The Medicare Modernization Act of 2003 requires CMS to adopt and implement quality standards that HME providers must comply with if they wish to seek reimbursement from Medicare for DME products and services.
Timelines and final requirements are still vague at this time. The standards are only now being developed and won’t be ready for public comment until late summer, with adoption targeted for the fall of 2005. CMS then has one year to designate and approve one or more independent accrediting organizations, such as the Joint Commission on Accreditation of Healthcare Organizations (JCAHO), the Community Health Accreditation Program (CHAP) and/or the Accreditation Commission for Health Care (ACHC) to carry out compliance surveys.
While the standards requirement may seem onerous, it does have the effect of helping to level the playing field among providers as they prepare for competitive bidding. In addition, companies that voluntarily adopt quality standards such as those required by accrediting bodies often find that putting effective processes in place improves profits, and that quality really does drive revenue. And it may lead to increased credibility among the public for the industry as a whole.
It’s a safe bet that all three of the current standard-bearers will be designated as independent accrediting organizations for the purpose of enforcing the new requirements, but will companies already accredited by these organizations be “grandfathered” into the program? CMS hasn’t made a decision just yet, but they are aware of the backlog that will result if both currently accredited and non-accredited providers all need to seek new surveys beginning in 2007. Currently, thousands of Medicare suppliers lack any sort of accreditation, so there is sure to be a log jam no matter what CMS decides. Given that, waiting until the last minute to begin taking steps in the direction of accreditation standards compliance is probably not a good idea. Fortunately, there are some things you can do now that will leave your company well poised to meet the new requirements when they are implemented.
The most far reaching standard of any accrediting body states that the provider shall be in compliance with all local, state, and federal regulations, and it’s sure to be one that is adopted by CMS as well. Check to see if your local and state business licenses are up to date. Some states require certain types of employees to hold specific permits or professional licenses in accordance with their job duties – make sure those are up to date as well.
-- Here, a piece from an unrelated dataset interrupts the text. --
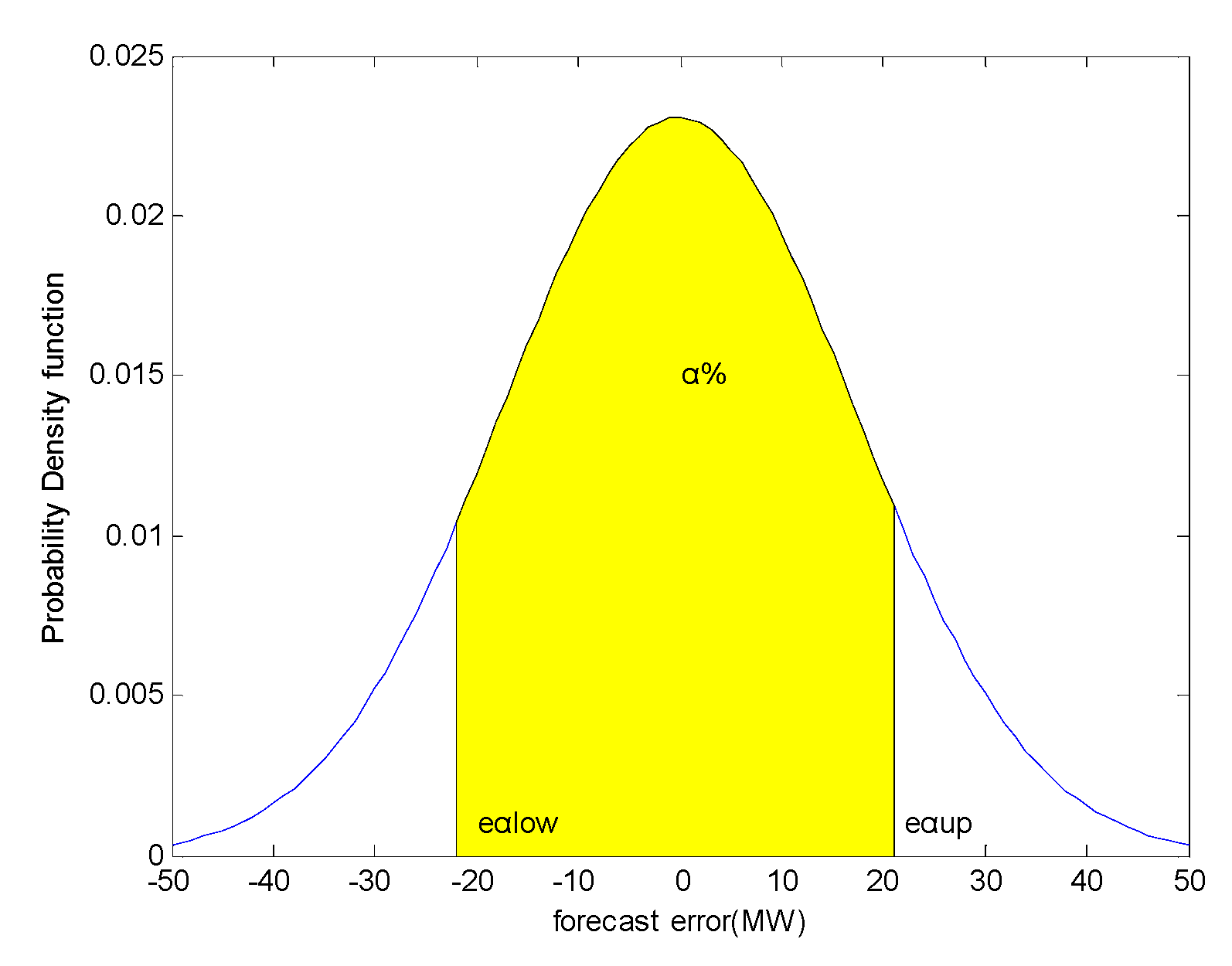 Energies 12 04755 g003 Energies 12 04755 g003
The Occupational Safety and Health Administration (OSHA), the Department of Transportation (DOT) and the Food and Drug Administration (FDA) all have regulations that apply to DME providers. It would be useful to assess your company’s compliance to those regulations and create an action plan to address the areas where processes fall short.
Current accreditation standards also require compliance to CMS regulations, and it’s likely that the CMS version of mandatory quality standards will include them as well; particularly those that pertain to beneficiary rights. At a minimum, take steps now to make sure there is adequate documentation to demonstrate that patients are provided with the required written information; have been informed of their financial responsibilities; are being billed appropriately; and have the opportunity to have their complaints addressed and resolved.
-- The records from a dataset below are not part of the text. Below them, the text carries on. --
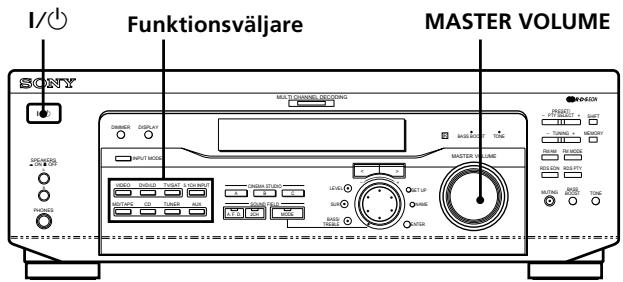 SONY STR-K 790 - Kontroll av anslutninger - 1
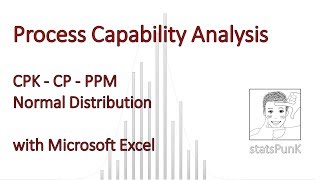 Process Capability  CPK  CP  PPM  Normal Distribution  Excel Demo [upl. by Lyman718]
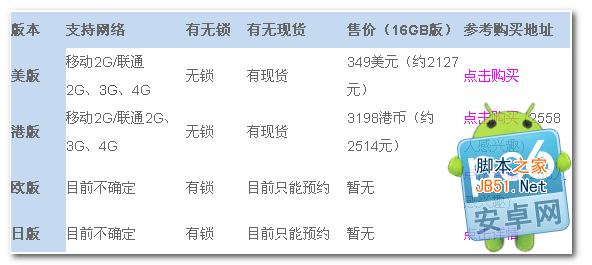 LG nexus 5在哪买 lg nexus 5多少钱3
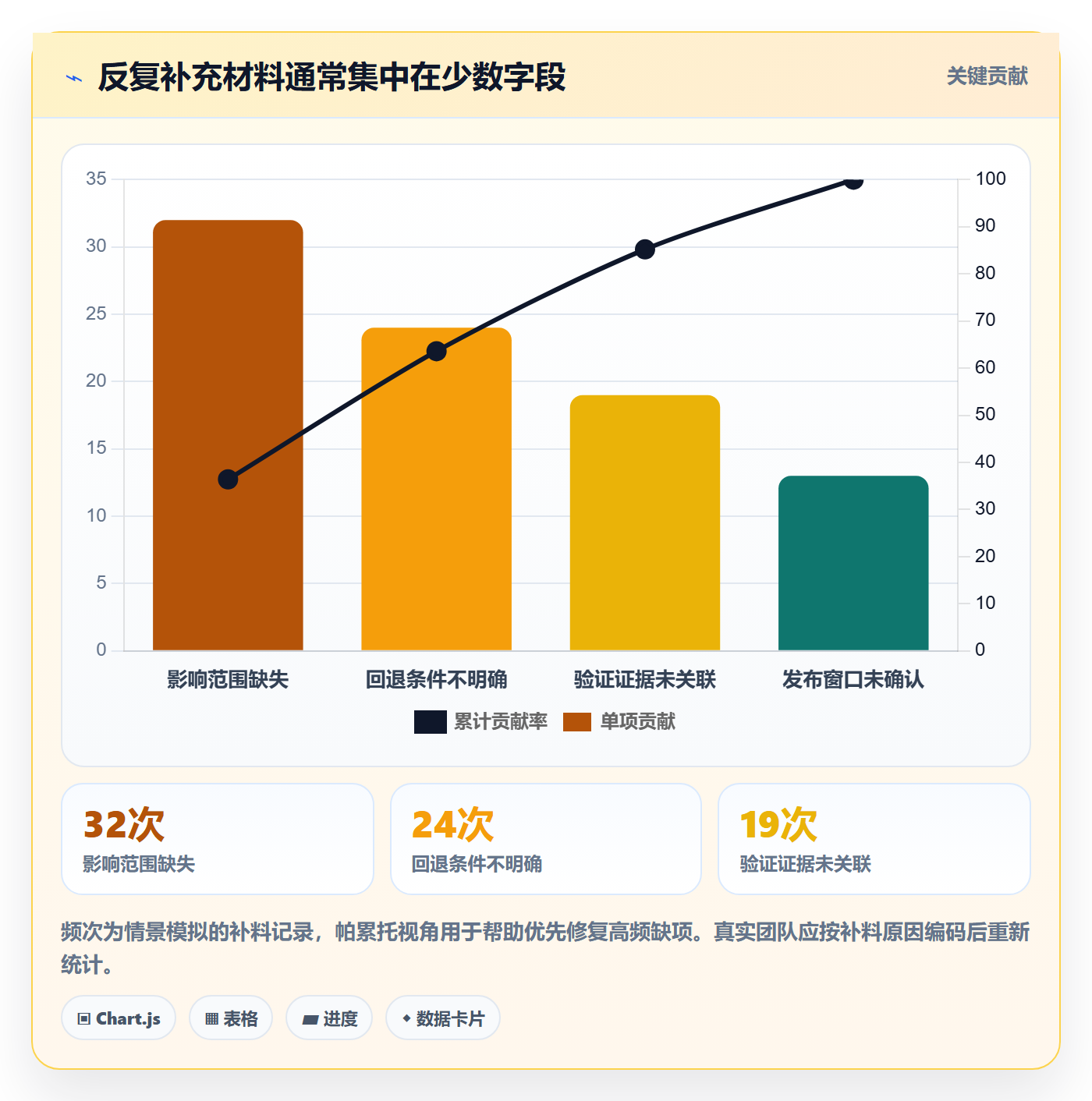 发布管理发布审批教程:产品经理数据分析,避坑指南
Many accreditation standards require that the company have policies and procedures in place to demonstrate compliance. You can give your company a head start on the accreditation process by updating or creating your company’s policy and procedure manual now. Many companies have an employee on staff that is more than capable of creating policies and procedures, but you may find it more cost effective to purchase a manual and edit it to reflect your company’s processes. Whichever route you choose, remember that the perfect written description of a procedure it one that is specific enough to meet the standard and instruct your personnel, but general enough to provide your business with the flexibility it needs to run efficiently. It will be at least six months until we know the full specifics of the final quality standards mandated by the MMA, but depending on the size of your company, it can take up to one year to prepare for a successful accreditation survey. In addition, some standards will require that you show at least a brief history of compliance prior to survey. Waiting until the last minute to prepare will only make the process more stressful for everyone. There’s no better reason to start taking pro-active steps right now.